■ HOW TO COMPLETE THIS TASK: Reproduce precisely the lines of the listing below, starting with the line that contains "Maritime Suites Holiday" and stopping after the line that contains "2'3inx7'6in Madeline Overscale"; include nothing else.

■ SOURCE RECORDS:
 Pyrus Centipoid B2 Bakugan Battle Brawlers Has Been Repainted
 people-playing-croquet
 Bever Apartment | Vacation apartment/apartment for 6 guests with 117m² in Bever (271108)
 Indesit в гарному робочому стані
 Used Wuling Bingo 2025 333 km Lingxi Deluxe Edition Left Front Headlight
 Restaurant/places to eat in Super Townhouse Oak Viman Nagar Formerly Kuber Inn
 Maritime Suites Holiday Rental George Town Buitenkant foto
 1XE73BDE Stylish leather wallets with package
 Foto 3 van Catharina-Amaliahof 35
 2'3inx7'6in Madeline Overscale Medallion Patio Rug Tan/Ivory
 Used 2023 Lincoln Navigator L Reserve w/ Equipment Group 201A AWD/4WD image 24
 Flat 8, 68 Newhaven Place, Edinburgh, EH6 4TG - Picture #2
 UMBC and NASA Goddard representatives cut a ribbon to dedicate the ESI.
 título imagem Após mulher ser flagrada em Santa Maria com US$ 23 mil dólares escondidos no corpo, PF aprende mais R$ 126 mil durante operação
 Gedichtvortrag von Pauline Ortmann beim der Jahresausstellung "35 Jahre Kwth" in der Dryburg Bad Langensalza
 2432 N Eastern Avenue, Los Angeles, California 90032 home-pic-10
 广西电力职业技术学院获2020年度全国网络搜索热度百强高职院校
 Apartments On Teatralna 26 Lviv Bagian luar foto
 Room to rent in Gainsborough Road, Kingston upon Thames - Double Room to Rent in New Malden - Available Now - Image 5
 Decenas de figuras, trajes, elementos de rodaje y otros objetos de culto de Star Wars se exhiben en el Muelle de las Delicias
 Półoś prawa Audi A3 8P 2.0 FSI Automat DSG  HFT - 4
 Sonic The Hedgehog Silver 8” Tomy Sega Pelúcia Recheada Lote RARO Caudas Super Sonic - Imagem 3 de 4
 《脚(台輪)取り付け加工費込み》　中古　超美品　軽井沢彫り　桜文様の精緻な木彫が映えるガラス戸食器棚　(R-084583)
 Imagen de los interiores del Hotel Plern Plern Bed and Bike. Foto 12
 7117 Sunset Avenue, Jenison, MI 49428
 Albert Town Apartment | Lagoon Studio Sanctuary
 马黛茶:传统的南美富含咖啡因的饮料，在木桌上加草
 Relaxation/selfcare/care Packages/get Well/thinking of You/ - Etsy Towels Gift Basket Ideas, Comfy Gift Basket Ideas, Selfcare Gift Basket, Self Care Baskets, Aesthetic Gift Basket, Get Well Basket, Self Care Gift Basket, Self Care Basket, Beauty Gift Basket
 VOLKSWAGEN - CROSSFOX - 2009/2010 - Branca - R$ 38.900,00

■ WRITTEN SOLUTION:
 Maritime Suites Holiday Rental George Town Buitenkant foto
 1XE73BDE Stylish leather wallets with package
 Foto 3 van Catharina-Amaliahof 35
 2'3inx7'6in Madeline Overscale Medallion Patio Rug Tan/Ivory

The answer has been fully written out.